*TRY IT:* Copy out the full listing below as it stands, with its pictures left behind.

*MATERIAL PROVIDED:*
**********

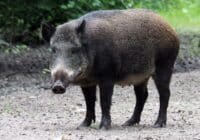 Wild boar standing on a dirt path with greenery in the background, facing the camera.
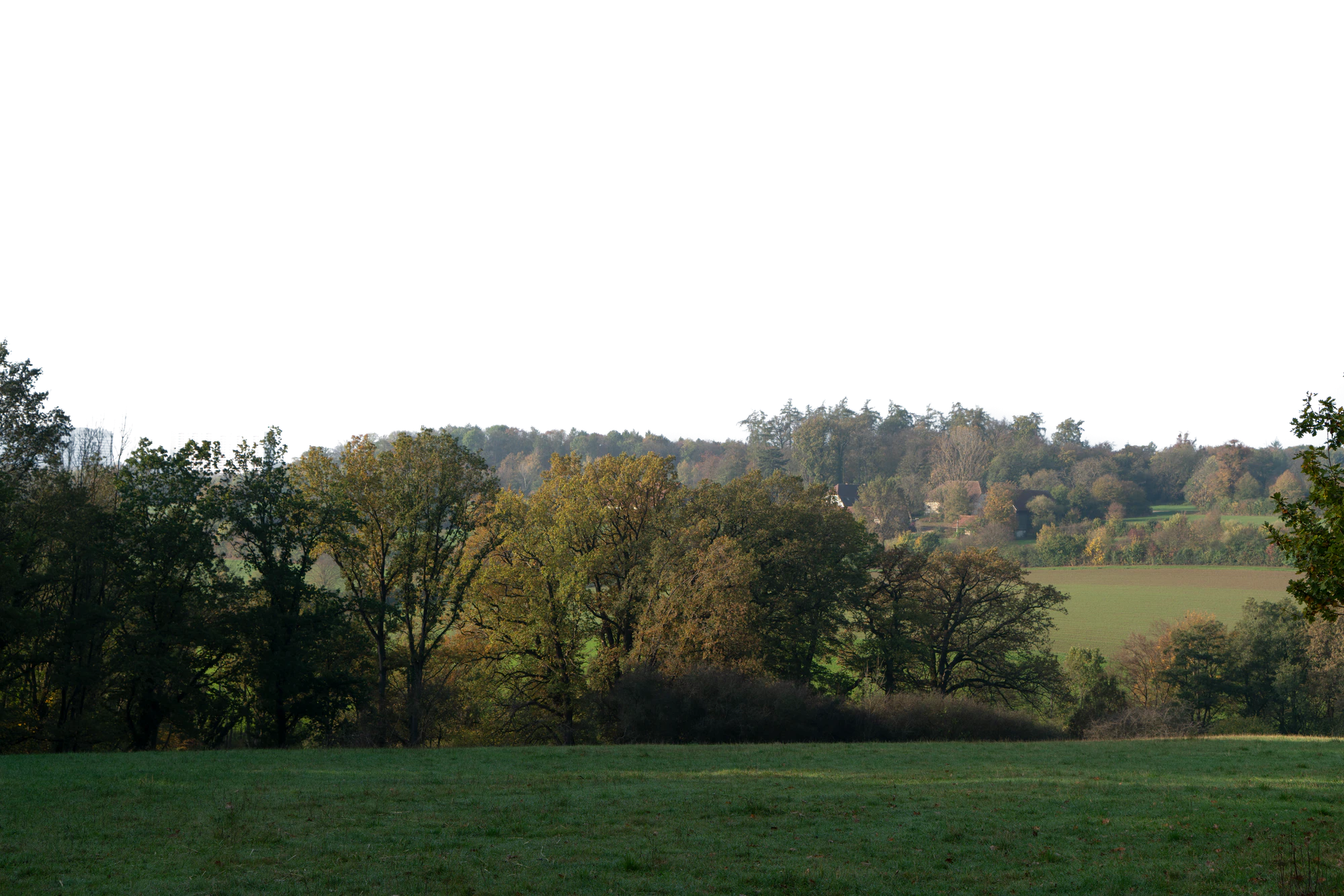 background 027 — Descargar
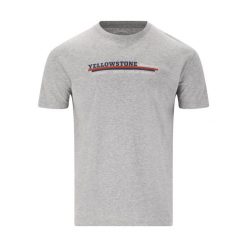 Koszulka Cruz Doney. Szare t-shirty sportowe męskie CRUZ, bez ramiączek, do biegania. W wyprzedaży za 115.00 zł.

**********

*TASK ANSWER:*
 Wild boar standing on a dirt path with greenery in the background, facing the camera.
 background 027 — Descargar
 Koszulka Cruz Doney. Szare t-shirty sportowe męskie CRUZ, bez ramiączek, do biegania. W wyprzedaży za 115.00 zł.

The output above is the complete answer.